I slightly botched the story on the unconstitutionality of the Generalitat law that would allow the government to force owners of vacant apartments to rent them out. It wasn't the Spanish Constitutional Court that declared it unconstitutional, it was the Catalan equivalent, the Consell de Garanties Estatutàries de la Generalitat de Catalunya (formerly the Consell Consultiu).

La Vanguardia's Latin America correspondent, Joaquim Ibarz, is more anti-Chavez than anyone else in the world press. He hates Chavez even more than Andy Robinson hates the United States. I completely agree with him, of course. Ibarz was the guy who reported, several days before the referendum, that the surveys pointed at a No vote.

His lead this morning is, "Hugo Chavez, the omnipotent caudillo who insulted and threatened the entire world on Friday, died when he was defeated in Sunday's plebiscite, though he doesn't see it that way....He is left with no strength to impose his plans, without the capacity to subvert the continent." Right on!

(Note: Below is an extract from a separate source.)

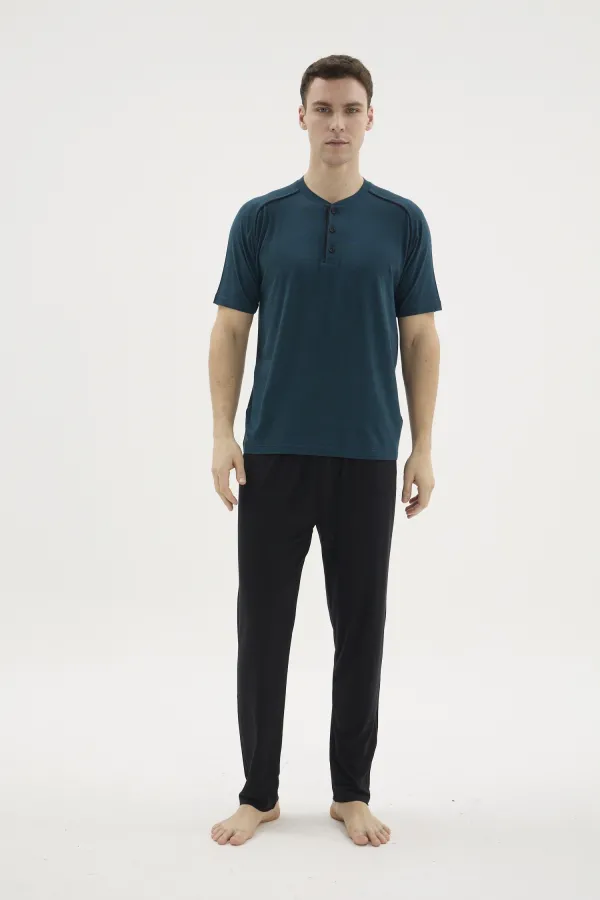 Kocabey KKT-26153 Erkek Midi Yaka Pijama Takımı Kocabey KKT-26153 Erkek Midi Yaka Pijama Takımı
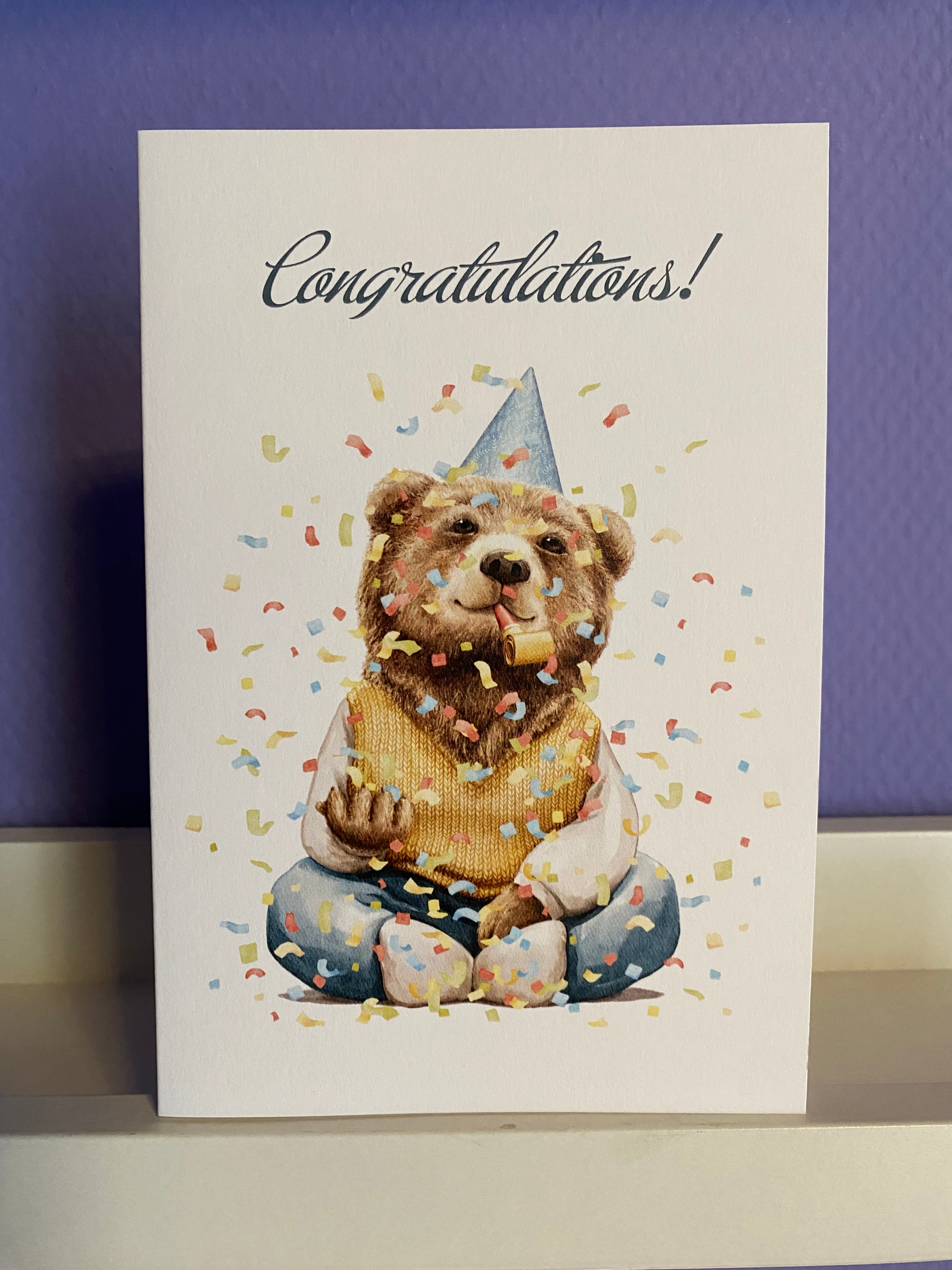 Congratulations! Greeting card - Olleke Wizarding Shop Amsterdam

Ibarz says: 1) The Chav lost because a lot of the working class voted against him. 2) There was a lot of attempted vote fraud. 3) It was the university students and General Raul Baduel who did the most to defeat the Chav. 4) On Sunday night, the Chav met for four hours with army leaders who refused to back him in a seizure of power. 5) The electoral board kicked opposition poll watchers out of the vote-counting premises. 6) So Baduel went on national television and warned the electoral board that there had better be no shenanigans. So there weren't. 7) Opposition leaders claim that the election result was rigged and that the No vote won by a lot more than the official 51%.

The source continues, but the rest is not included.